"""

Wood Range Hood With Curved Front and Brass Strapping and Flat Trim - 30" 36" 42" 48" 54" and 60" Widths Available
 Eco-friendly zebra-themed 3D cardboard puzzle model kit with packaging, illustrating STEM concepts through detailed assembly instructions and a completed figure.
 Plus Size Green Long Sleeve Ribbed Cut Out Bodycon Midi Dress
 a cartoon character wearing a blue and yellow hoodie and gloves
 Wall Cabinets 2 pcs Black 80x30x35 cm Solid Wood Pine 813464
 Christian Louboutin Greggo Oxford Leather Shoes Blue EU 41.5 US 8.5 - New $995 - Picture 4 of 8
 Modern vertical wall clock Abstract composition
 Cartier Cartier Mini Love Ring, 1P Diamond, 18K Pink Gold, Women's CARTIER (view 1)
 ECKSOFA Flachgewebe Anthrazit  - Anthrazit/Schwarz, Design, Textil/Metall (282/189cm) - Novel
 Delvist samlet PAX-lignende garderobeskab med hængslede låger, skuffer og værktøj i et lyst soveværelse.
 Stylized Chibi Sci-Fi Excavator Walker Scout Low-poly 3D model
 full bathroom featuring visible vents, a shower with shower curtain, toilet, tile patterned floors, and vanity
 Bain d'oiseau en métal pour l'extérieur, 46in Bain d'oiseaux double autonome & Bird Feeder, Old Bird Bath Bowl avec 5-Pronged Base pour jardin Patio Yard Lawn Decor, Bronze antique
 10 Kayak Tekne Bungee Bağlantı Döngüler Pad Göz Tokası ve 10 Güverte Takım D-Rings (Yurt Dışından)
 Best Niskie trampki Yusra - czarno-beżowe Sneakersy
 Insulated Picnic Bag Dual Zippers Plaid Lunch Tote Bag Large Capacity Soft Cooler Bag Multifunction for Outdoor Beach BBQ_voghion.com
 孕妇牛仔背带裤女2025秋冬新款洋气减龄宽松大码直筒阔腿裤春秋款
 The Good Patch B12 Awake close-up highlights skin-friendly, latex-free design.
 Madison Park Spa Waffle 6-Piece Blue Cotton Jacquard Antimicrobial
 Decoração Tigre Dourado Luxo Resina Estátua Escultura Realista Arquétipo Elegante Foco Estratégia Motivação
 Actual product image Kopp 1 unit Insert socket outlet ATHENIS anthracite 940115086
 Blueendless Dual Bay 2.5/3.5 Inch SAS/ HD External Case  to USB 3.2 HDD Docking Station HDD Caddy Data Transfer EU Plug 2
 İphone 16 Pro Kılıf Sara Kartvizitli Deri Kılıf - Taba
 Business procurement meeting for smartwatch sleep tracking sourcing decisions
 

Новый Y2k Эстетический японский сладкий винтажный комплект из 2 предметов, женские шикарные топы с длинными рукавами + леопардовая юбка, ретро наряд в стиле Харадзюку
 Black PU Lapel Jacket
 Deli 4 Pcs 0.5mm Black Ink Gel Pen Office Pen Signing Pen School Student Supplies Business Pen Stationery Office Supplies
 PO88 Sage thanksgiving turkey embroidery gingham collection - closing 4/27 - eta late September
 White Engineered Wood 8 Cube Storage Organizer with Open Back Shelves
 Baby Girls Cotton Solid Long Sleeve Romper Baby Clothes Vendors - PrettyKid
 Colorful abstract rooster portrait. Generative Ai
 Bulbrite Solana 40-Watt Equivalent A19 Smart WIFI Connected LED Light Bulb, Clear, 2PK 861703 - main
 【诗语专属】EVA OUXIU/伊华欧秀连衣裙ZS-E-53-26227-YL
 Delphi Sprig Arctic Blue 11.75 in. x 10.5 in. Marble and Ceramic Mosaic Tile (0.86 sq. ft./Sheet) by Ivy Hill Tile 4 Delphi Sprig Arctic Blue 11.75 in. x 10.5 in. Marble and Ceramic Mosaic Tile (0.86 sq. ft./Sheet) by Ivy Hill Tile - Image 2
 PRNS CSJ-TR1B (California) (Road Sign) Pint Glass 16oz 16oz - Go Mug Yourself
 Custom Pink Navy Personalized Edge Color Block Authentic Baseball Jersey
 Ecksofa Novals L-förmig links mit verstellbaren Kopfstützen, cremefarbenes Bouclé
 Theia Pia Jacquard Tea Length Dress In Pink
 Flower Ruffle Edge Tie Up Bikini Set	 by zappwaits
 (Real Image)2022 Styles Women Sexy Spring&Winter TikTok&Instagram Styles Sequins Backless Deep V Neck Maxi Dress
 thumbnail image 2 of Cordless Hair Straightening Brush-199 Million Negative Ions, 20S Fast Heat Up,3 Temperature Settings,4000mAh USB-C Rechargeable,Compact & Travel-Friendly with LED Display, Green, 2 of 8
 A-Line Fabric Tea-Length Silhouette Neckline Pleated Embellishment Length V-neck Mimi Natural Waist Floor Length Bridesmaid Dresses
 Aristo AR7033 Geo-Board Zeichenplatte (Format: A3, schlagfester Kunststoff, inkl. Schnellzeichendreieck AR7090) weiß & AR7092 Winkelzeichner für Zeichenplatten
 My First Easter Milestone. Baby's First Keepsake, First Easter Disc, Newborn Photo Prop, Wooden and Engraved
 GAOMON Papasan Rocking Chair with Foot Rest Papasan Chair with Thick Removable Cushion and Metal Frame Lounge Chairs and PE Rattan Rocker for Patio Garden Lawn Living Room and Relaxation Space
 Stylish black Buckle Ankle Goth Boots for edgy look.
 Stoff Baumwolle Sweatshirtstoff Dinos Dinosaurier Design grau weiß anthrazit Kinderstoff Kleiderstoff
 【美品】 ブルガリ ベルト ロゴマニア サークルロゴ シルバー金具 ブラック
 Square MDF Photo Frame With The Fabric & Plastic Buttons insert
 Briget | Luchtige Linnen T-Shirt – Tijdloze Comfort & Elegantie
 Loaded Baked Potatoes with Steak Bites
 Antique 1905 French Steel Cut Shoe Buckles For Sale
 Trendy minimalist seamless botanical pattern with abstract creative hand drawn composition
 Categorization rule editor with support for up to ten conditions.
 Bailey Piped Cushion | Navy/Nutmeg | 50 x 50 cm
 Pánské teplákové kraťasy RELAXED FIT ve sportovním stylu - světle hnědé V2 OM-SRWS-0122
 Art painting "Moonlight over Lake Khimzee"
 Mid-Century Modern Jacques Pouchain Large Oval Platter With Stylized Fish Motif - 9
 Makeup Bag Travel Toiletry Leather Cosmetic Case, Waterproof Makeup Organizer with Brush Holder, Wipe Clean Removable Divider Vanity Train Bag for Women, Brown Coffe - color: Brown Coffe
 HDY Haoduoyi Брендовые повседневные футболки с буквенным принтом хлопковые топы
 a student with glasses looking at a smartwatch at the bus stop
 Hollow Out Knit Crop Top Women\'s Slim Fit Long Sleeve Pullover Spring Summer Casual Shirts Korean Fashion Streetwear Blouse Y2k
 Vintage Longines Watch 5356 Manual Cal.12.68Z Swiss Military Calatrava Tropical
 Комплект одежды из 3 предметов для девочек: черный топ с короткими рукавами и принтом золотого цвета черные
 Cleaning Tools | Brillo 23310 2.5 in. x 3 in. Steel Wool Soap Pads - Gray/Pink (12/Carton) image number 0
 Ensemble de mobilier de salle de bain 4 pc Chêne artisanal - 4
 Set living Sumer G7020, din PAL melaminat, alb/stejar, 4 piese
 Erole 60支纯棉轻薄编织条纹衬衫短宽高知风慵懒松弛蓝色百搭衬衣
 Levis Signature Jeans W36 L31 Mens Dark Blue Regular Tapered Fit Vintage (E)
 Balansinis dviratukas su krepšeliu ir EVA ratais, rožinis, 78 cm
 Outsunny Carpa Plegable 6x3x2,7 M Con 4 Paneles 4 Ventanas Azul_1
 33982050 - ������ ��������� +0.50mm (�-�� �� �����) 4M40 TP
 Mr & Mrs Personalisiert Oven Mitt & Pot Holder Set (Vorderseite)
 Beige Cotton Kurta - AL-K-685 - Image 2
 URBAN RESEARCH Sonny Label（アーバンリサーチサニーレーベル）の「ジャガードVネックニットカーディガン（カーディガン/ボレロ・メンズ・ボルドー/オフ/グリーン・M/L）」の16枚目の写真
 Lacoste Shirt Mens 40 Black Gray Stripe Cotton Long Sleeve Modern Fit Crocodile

"""

### [Aim of the exercise]
Word for word, restate the listing above from its first line to the line with "Christian Louboutin Greggo", keeping both.

### [Answer section]
Wood Range Hood With Curved Front and Brass Strapping and Flat Trim - 30" 36" 42" 48" 54" and 60" Widths Available
 Eco-friendly zebra-themed 3D cardboard puzzle model kit with packaging, illustrating STEM concepts through detailed assembly instructions and a completed figure.
 Plus Size Green Long Sleeve Ribbed Cut Out Bodycon Midi Dress
 a cartoon character wearing a blue and yellow hoodie and gloves
 Wall Cabinets 2 pcs Black 80x30x35 cm Solid Wood Pine 813464
 Christian Louboutin Greggo Oxford Leather Shoes Blue EU 41.5 US 8.5 - New $995 - Picture 4 of 8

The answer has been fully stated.